→ How to complete this task:
A line-by-line copy of the material below is required.

========================================

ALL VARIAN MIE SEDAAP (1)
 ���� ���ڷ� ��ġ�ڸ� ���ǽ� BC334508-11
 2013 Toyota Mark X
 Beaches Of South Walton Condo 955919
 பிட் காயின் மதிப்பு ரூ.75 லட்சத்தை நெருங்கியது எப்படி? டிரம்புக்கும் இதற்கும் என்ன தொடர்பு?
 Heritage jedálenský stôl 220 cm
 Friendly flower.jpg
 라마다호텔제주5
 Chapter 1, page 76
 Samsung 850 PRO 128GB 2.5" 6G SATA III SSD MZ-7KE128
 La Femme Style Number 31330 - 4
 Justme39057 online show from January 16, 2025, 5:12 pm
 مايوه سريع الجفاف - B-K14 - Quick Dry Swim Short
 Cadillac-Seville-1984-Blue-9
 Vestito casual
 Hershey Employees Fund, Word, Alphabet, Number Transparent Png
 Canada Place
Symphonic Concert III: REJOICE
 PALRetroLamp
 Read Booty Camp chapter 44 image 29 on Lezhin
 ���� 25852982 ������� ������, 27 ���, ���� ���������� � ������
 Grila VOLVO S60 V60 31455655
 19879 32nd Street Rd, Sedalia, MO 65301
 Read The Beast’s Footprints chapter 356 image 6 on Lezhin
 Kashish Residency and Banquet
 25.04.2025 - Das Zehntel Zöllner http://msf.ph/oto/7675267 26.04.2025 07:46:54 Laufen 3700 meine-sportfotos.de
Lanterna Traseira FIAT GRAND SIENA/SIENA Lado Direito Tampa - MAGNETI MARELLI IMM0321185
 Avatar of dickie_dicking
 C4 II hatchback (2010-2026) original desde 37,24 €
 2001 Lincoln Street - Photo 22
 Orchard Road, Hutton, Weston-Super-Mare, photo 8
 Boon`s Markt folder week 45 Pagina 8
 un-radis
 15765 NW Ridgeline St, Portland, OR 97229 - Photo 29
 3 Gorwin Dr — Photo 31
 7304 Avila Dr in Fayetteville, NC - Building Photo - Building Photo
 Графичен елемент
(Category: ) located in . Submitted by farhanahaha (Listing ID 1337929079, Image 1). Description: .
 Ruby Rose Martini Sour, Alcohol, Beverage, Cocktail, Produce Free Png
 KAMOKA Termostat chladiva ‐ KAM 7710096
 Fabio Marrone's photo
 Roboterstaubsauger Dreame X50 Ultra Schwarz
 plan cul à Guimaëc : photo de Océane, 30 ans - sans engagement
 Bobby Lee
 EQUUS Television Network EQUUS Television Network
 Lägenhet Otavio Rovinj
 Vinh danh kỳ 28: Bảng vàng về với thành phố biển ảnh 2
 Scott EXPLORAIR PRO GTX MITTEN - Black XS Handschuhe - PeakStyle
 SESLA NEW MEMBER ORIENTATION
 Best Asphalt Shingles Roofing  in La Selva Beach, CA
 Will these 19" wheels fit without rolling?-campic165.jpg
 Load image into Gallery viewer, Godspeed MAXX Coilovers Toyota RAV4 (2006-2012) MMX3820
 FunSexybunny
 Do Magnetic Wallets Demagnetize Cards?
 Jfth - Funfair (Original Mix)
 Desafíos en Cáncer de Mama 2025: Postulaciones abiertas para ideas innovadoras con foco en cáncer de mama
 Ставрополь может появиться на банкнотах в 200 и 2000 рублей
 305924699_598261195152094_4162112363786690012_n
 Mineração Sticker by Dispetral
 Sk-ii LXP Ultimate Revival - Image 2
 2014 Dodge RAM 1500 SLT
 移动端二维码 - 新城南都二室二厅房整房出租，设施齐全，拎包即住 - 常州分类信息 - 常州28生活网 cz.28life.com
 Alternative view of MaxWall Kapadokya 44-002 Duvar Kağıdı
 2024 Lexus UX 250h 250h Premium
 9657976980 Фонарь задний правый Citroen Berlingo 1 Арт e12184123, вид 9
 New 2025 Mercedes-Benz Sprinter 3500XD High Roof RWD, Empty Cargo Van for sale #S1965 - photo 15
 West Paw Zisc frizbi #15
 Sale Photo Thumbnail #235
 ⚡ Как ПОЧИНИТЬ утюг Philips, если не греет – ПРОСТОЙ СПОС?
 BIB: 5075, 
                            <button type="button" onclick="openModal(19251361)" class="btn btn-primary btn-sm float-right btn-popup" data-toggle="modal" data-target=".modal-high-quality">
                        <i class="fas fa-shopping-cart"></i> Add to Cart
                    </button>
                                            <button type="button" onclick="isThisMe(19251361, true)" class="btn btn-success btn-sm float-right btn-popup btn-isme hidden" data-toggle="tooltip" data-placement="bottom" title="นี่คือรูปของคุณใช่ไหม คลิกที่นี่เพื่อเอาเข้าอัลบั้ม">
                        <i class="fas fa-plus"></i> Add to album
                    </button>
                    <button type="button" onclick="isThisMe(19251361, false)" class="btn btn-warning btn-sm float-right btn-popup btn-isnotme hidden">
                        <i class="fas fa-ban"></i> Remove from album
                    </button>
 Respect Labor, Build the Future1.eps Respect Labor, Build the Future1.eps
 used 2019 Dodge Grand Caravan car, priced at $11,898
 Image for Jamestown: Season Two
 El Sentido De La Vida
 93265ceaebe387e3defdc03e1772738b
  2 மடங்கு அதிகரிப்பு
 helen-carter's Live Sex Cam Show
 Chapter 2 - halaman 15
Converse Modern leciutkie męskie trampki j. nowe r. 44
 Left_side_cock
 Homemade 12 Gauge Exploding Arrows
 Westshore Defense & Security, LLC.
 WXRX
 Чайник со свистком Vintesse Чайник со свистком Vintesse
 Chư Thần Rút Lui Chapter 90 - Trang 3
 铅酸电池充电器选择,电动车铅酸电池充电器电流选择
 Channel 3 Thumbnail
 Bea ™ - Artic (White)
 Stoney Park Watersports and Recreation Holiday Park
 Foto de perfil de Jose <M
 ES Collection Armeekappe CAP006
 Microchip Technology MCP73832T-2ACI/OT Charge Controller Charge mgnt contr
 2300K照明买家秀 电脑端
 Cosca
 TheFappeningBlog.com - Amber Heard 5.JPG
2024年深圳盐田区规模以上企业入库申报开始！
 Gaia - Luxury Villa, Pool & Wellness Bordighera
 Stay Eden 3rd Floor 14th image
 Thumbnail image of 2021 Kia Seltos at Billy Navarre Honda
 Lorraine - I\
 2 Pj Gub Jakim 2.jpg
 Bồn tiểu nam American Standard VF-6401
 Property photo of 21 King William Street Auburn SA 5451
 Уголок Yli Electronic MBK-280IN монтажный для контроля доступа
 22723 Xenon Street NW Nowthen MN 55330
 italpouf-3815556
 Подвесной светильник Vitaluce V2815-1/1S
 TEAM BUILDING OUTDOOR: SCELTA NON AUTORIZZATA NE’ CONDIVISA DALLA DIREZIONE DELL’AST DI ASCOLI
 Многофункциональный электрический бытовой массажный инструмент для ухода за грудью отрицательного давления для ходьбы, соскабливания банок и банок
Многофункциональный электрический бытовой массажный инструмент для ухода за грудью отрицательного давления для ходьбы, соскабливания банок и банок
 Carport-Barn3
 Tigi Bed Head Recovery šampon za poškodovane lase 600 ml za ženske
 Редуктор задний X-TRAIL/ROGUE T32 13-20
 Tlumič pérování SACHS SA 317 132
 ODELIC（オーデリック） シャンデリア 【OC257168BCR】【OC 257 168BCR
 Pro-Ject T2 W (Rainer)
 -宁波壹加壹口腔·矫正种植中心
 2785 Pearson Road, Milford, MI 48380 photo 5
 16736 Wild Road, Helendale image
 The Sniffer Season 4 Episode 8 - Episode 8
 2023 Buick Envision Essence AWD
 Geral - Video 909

========================================

→ Answer space:
ALL VARIAN MIE SEDAAP (1)
 ���� ���ڷ� ��ġ�ڸ� ���ǽ� BC334508-11
 2013 Toyota Mark X
 Beaches Of South Walton Condo 955919
 பிட் காயின் மதிப்பு ரூ.75 லட்சத்தை நெருங்கியது எப்படி? டிரம்புக்கும் இதற்கும் என்ன தொடர்பு?
 Heritage jedálenský stôl 220 cm
 Friendly flower.jpg
 라마다호텔제주5
 Chapter 1, page 76
 Samsung 850 PRO 128GB 2.5" 6G SATA III SSD MZ-7KE128
 La Femme Style Number 31330 - 4
 Justme39057 online show from January 16, 2025, 5:12 pm
 مايوه سريع الجفاف - B-K14 - Quick Dry Swim Short
 Cadillac-Seville-1984-Blue-9
 Vestito casual
 Hershey Employees Fund, Word, Alphabet, Number Transparent Png
 Canada Place
Symphonic Concert III: REJOICE
 PALRetroLamp
 Read Booty Camp chapter 44 image 29 on Lezhin
 ���� 25852982 ������� ������, 27 ���, ���� ���������� � ������
 Grila VOLVO S60 V60 31455655
 19879 32nd Street Rd, Sedalia, MO 65301
 Read The Beast’s Footprints chapter 356 image 6 on Lezhin
 Kashish Residency and Banquet
 25.04.2025 - Das Zehntel Zöllner http://msf.ph/oto/7675267 26.04.2025 07:46:54 Laufen 3700 meine-sportfotos.de
Lanterna Traseira FIAT GRAND SIENA/SIENA Lado Direito Tampa - MAGNETI MARELLI IMM0321185
 Avatar of dickie_dicking
 C4 II hatchback (2010-2026) original desde 37,24 €
 2001 Lincoln Street - Photo 22
 Orchard Road, Hutton, Weston-Super-Mare, photo 8
 Boon`s Markt folder week 45 Pagina 8
 un-radis
 15765 NW Ridgeline St, Portland, OR 97229 - Photo 29
 3 Gorwin Dr — Photo 31
 7304 Avila Dr in Fayetteville, NC - Building Photo - Building Photo
 Графичен елемент
(Category: ) located in . Submitted by farhanahaha (Listing ID 1337929079, Image 1). Description: .
 Ruby Rose Martini Sour, Alcohol, Beverage, Cocktail, Produce Free Png
 KAMOKA Termostat chladiva ‐ KAM 7710096
 Fabio Marrone's photo
 Roboterstaubsauger Dreame X50 Ultra Schwarz
 plan cul à Guimaëc : photo de Océane, 30 ans - sans engagement
 Bobby Lee
 EQUUS Television Network EQUUS Television Network
 Lägenhet Otavio Rovinj
 Vinh danh kỳ 28: Bảng vàng về với thành phố biển ảnh 2
 Scott EXPLORAIR PRO GTX MITTEN - Black XS Handschuhe - PeakStyle
 SESLA NEW MEMBER ORIENTATION
 Best Asphalt Shingles Roofing  in La Selva Beach, CA
 Will these 19" wheels fit without rolling?-campic165.jpg
 Load image into Gallery viewer, Godspeed MAXX Coilovers Toyota RAV4 (2006-2012) MMX3820
 FunSexybunny
 Do Magnetic Wallets Demagnetize Cards?
 Jfth - Funfair (Original Mix)
 Desafíos en Cáncer de Mama 2025: Postulaciones abiertas para ideas innovadoras con foco en cáncer de mama
 Ставрополь может появиться на банкнотах в 200 и 2000 рублей
 305924699_598261195152094_4162112363786690012_n
 Mineração Sticker by Dispetral
 Sk-ii LXP Ultimate Revival - Image 2
 2014 Dodge RAM 1500 SLT
 移动端二维码 - 新城南都二室二厅房整房出租，设施齐全，拎包即住 - 常州分类信息 - 常州28生活网 cz.28life.com
 Alternative view of MaxWall Kapadokya 44-002 Duvar Kağıdı
 2024 Lexus UX 250h 250h Premium
 9657976980 Фонарь задний правый Citroen Berlingo 1 Арт e12184123, вид 9
 New 2025 Mercedes-Benz Sprinter 3500XD High Roof RWD, Empty Cargo Van for sale #S1965 - photo 15
 West Paw Zisc frizbi #15
 Sale Photo Thumbnail #235
 ⚡ Как ПОЧИНИТЬ утюг Philips, если не греет – ПРОСТОЙ СПОС?
 BIB: 5075, 
                            <button type="button" onclick="openModal(19251361)" class="btn btn-primary btn-sm float-right btn-popup" data-toggle="modal" data-target=".modal-high-quality">
                        <i class="fas fa-shopping-cart"></i> Add to Cart
                    </button>
                                            <button type="button" onclick="isThisMe(19251361, true)" class="btn btn-success btn-sm float-right btn-popup btn-isme hidden" data-toggle="tooltip" data-placement="bottom" title="นี่คือรูปของคุณใช่ไหม คลิกที่นี่เพื่อเอาเข้าอัลบั้ม">
                        <i class="fas fa-plus"></i> Add to album
                    </button>
                    <button type="button" onclick="isThisMe(19251361, false)" class="btn btn-warning btn-sm float-right btn-popup btn-isnotme hidden">
                        <i class="fas fa-ban"></i> Remove from album
                    </button>
 Respect Labor, Build the Future1.eps Respect Labor, Build the Future1.eps
 used 2019 Dodge Grand Caravan car, priced at $11,898
 Image for Jamestown: Season Two
 El Sentido De La Vida
 93265ceaebe387e3defdc03e1772738b
  2 மடங்கு அதிகரிப்பு
 helen-carter's Live Sex Cam Show
 Chapter 2 - halaman 15
Converse Modern leciutkie męskie trampki j. nowe r. 44
 Left_side_cock
 Homemade 12 Gauge Exploding Arrows
 Westshore Defense & Security, LLC.
 WXRX
 Чайник со свистком Vintesse Чайник со свистком Vintesse
 Chư Thần Rút Lui Chapter 90 - Trang 3
 铅酸电池充电器选择,电动车铅酸电池充电器电流选择
 Channel 3 Thumbnail
 Bea ™ - Artic (White)
 Stoney Park Watersports and Recreation Holiday Park
 Foto de perfil de Jose <M
 ES Collection Armeekappe CAP006
 Microchip Technology MCP73832T-2ACI/OT Charge Controller Charge mgnt contr
 2300K照明买家秀 电脑端
 Cosca
 TheFappeningBlog.com - Amber Heard 5.JPG
2024年深圳盐田区规模以上企业入库申报开始！
 Gaia - Luxury Villa, Pool & Wellness Bordighera
 Stay Eden 3rd Floor 14th image
 Thumbnail image of 2021 Kia Seltos at Billy Navarre Honda
 Lorraine - I\
 2 Pj Gub Jakim 2.jpg
 Bồn tiểu nam American Standard VF-6401
 Property photo of 21 King William Street Auburn SA 5451
 Уголок Yli Electronic MBK-280IN монтажный для контроля доступа
 22723 Xenon Street NW Nowthen MN 55330
 italpouf-3815556
 Подвесной светильник Vitaluce V2815-1/1S
 TEAM BUILDING OUTDOOR: SCELTA NON AUTORIZZATA NE’ CONDIVISA DALLA DIREZIONE DELL’AST DI ASCOLI
 Многофункциональный электрический бытовой массажный инструмент для ухода за грудью отрицательного давления для ходьбы, соскабливания банок и банок
Многофункциональный электрический бытовой массажный инструмент для ухода за грудью отрицательного давления для ходьбы, соскабливания банок и банок
 Carport-Barn3
 Tigi Bed Head Recovery šampon za poškodovane lase 600 ml za ženske
 Редуктор задний X-TRAIL/ROGUE T32 13-20
 Tlumič pérování SACHS SA 317 132
 ODELIC（オーデリック） シャンデリア 【OC257168BCR】【OC 257 168BCR
 Pro-Ject T2 W (Rainer)
 -宁波壹加壹口腔·矫正种植中心
 2785 Pearson Road, Milford, MI 48380 photo 5
 16736 Wild Road, Helendale image
 The Sniffer Season 4 Episode 8 - Episode 8
 2023 Buick Envision Essence AWD
 Geral - Video 909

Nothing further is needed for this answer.